◆ Your instructions: Retype, exactly as they stand, the lines from the start of the data to the line that contains "REGAL / リーガル", both ends included. Leave the pictures out.

◆ Material for this task:
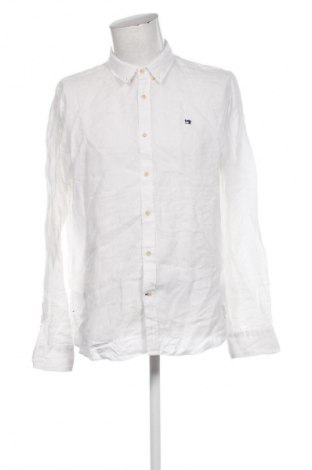 Herrenhemd Scotch & Soda, Größe XL, Farbe Weiß, Preis 30,99 €
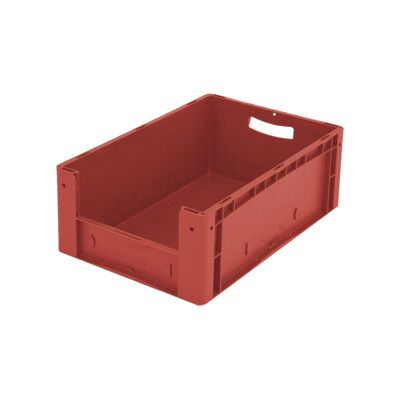 Bacs gerbables norme Europe Bito série XL XL64224 l 600 x l 400 x H 220 rouge (14987) - Publicité Bacs gerbables norme Europe Bito série XL XL64224 l 600 x l 400 x H 220 rouge (14987) - Publicité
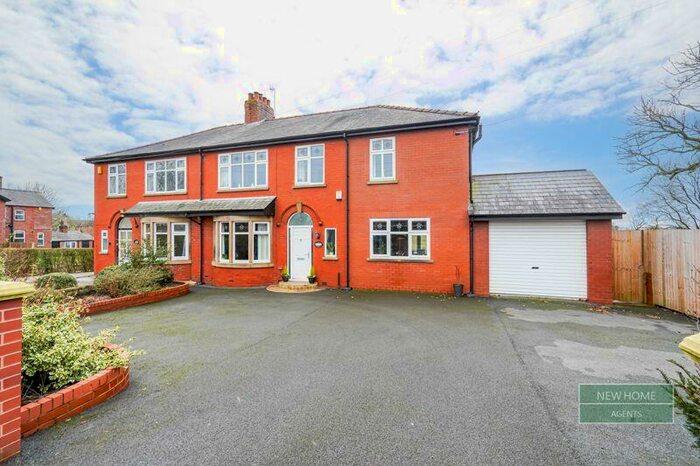 5 Bedroom Semi-Detached House For Sale In Sunbreak, Garstang Road, Barton, Preston, PR3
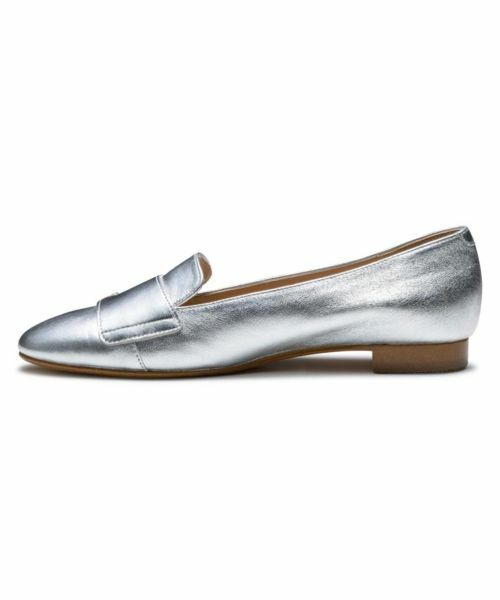 REGAL / リーガル フラットシューズ | リーガル F56R ダブルモンクフラットシューズ シルバー フラットシューズ | 詳細3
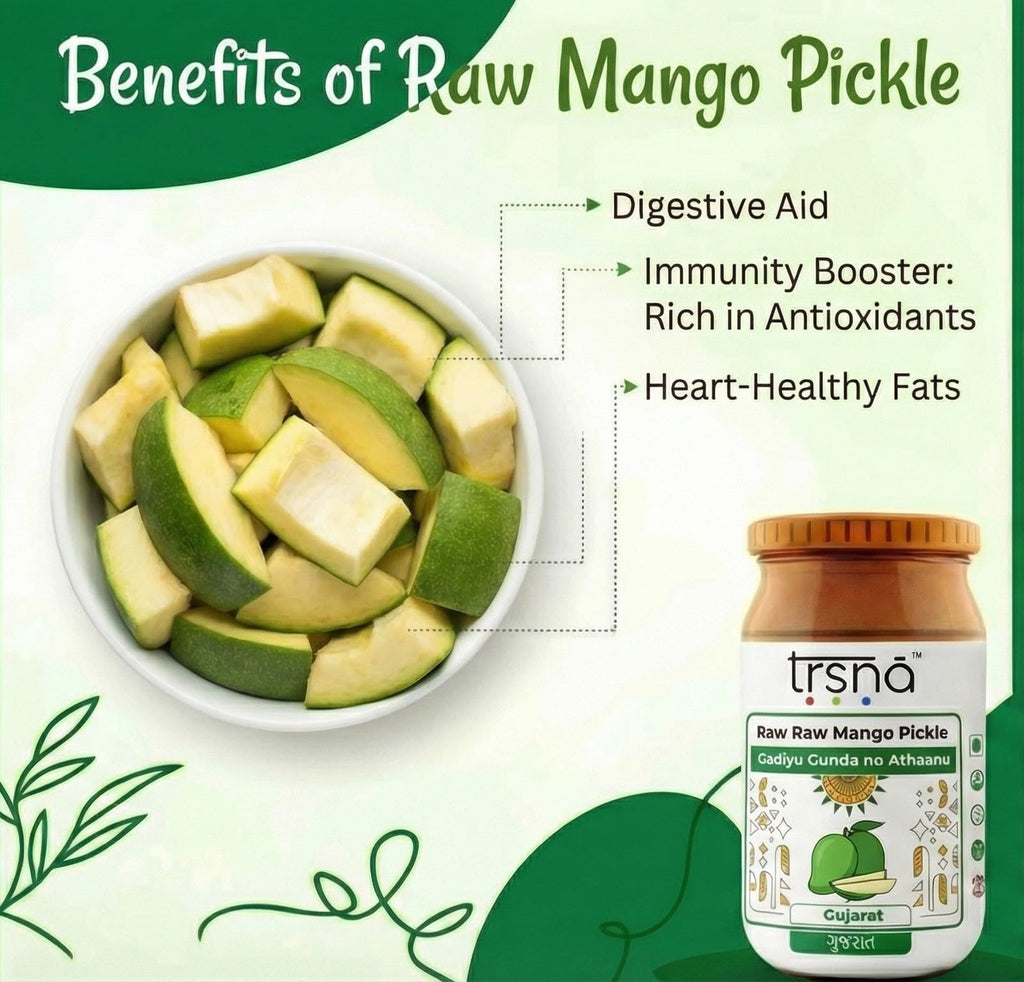 Cut Mango Pickle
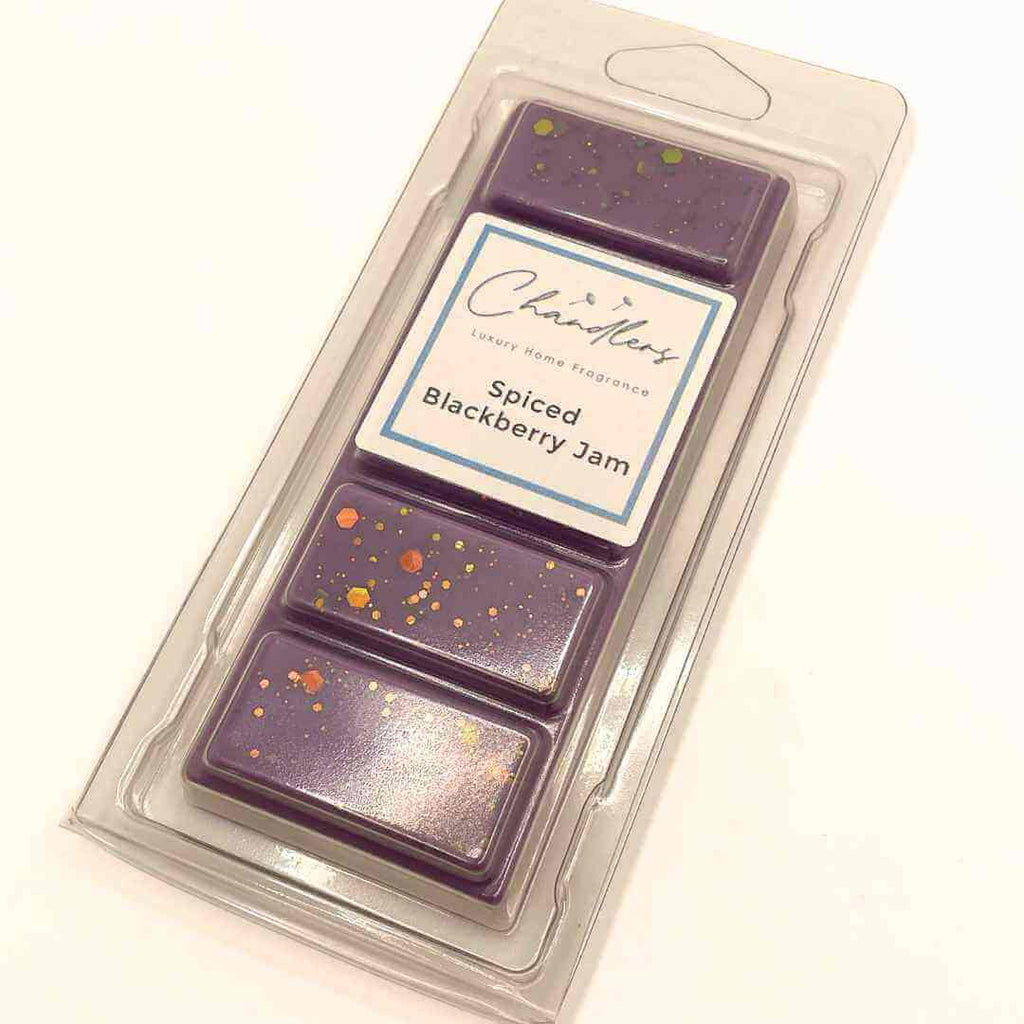 Spiced Blackberry Jam Wax Melt Snapbar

◆ Written response:
 Herrenhemd Scotch & Soda, Größe XL, Farbe Weiß, Preis 30,99 €
 Bacs gerbables norme Europe Bito série XL XL64224 l 600 x l 400 x H 220 rouge (14987) - Publicité Bacs gerbables norme Europe Bito série XL XL64224 l 600 x l 400 x H 220 rouge (14987) - Publicité
 5 Bedroom Semi-Detached House For Sale In Sunbreak, Garstang Road, Barton, Preston, PR3
 REGAL / リーガル フラットシューズ | リーガル F56R ダブルモンクフラットシューズ シルバー フラットシューズ | 詳細3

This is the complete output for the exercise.